High fructose corn syrup is derived from corn and is used in many foods and drinks. It is cheaper than natural sugar, which comes from sugarbeets or sugarcane. The United States is the biggest consumer and manufacturer of HFCS. The sweetener was added to beverages such as Coca-Cola in the 1980s, but in recent years food makers have been trying out a return to sugar after some studies linked corn syrup to obesity.
Many food manufacturers have even been promoting the absence of high fructose corn syrup to consumers.
Corn refiners had asked the U.S. Food and Drug Administration to allow them to call HFCS "corn sugar" but were rejected. They then tried marketing corn syrup as "natural" and asserted that human bodies could not detect a difference between HFCS and sugar. The sugar industry sued them for making false claims.
In their Tuesday filings, Cargill, ADM, and ingredient providers Ingredion Inc and Tate & Lyle Ingredients Americas, say consumers are being misled. They argue there is no scientifically proven correlation between HFCS and health problems, and assert that the sugar industry's advertising claims are false and are costing them sales.
"Both high fructose corn syrup and processed sugar are nutritionally equivalent and consumers have a right to this information," said David Knowles, a spokesman for the Corn Refiners Association, commenting on behalf of Cargill, ADM, Ingredion and Tate & Lyle. "At the end of the day, the focus should be on the critical fact that high fructose corn syrup is a form of added sugar, and that consumers should watch their intake of all added sugars, regardless of source."
The lawsuit says that consumer spending is at stake.
"The deception created by The Sugar Association is likely to influence consumer's purchasing decisions, for reasons that include the implication that processed sugar is healthier to consume than HFCS," the counter claim states. "Damages include actual damages in the form of price erosion and lost profit."
Lawyers representing the Cargill and ADM group did not immediately return a call requesting comment. The companies declined comment.
Fox, the attorney for the sugar industry group, said the allegations by the corn syrup companies are baseless.

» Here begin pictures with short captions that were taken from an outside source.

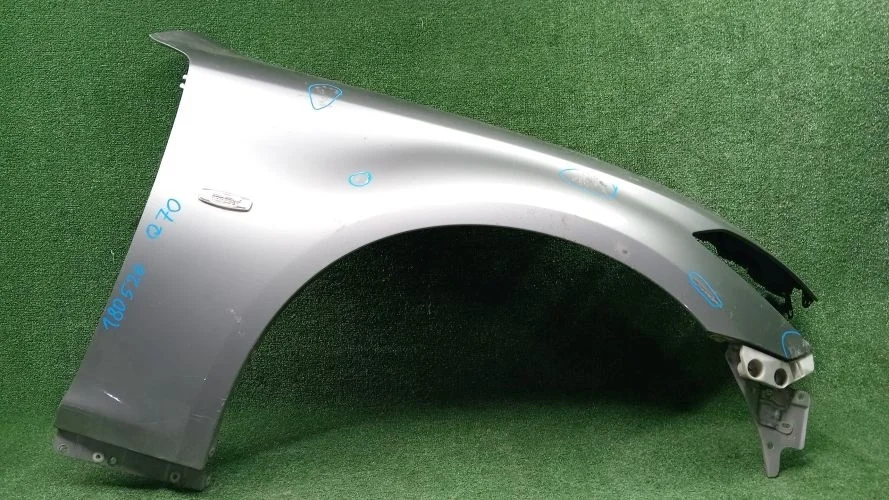 крыло Infiniti VQ37VHR,V9X Y51 Infiniti Q70 VQ37VHR,V9X Y51 F31001MEMA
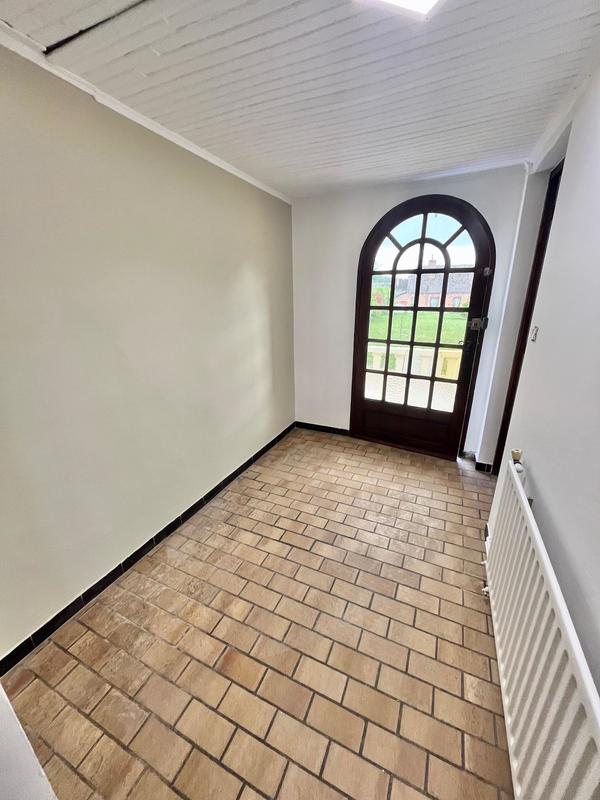 Maison - 133 m² - 7 pièces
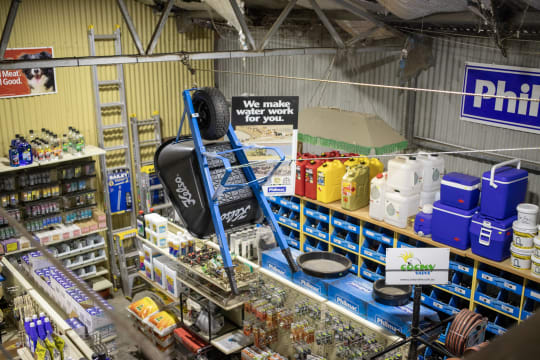 Kangaroo Valley Rural Supplies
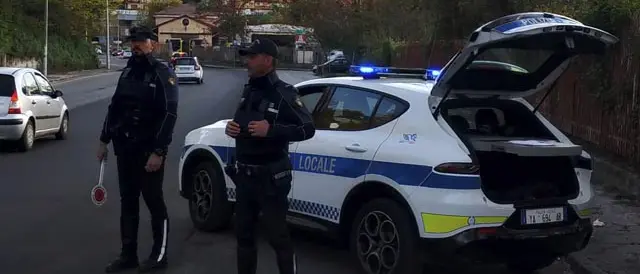 Vibo, il bilancio 2025 della Polizia locale: controlli a 360 gradi e oltre 115 persone deferite\n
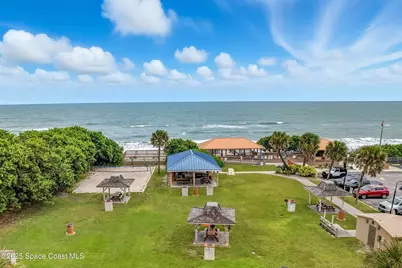 521 & 523 Ronnie Drive, Indian Harbour Beach, FL 32937 - Photo 57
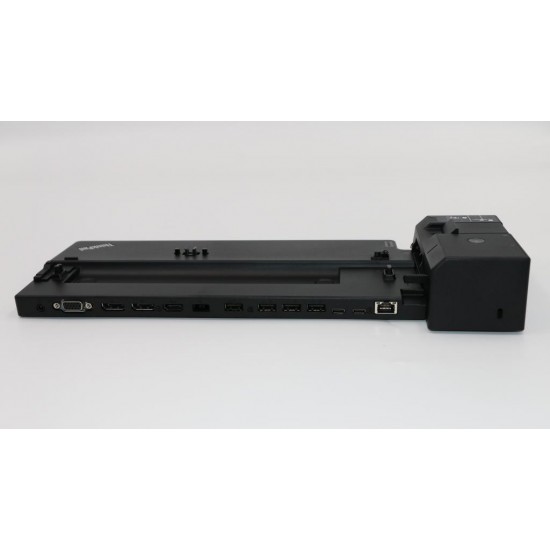 Statie de andocare Docking Station Laptop, Lenovo, ThinkPad T480 Type 20L5, 20L6, Model 40AJ0135EU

"HFCS has gotten somewhat of a bad name. They can't change the name, so now they are going to try to sling mud at the sugar industry and try to blame it for all the problems they are experiencing," said Fox.
"The bottom line is it (high fructose corn syrup) is not a natural product. It is something that is synthesized," he said. "It is not the same thing as real sugar."
Cargill has asked for a jury trial.
The case is Western Sugar Cooperative v Archer-Daniels-Midland Company et al in the U.S. District Court for the Central District of California No. 11-03473.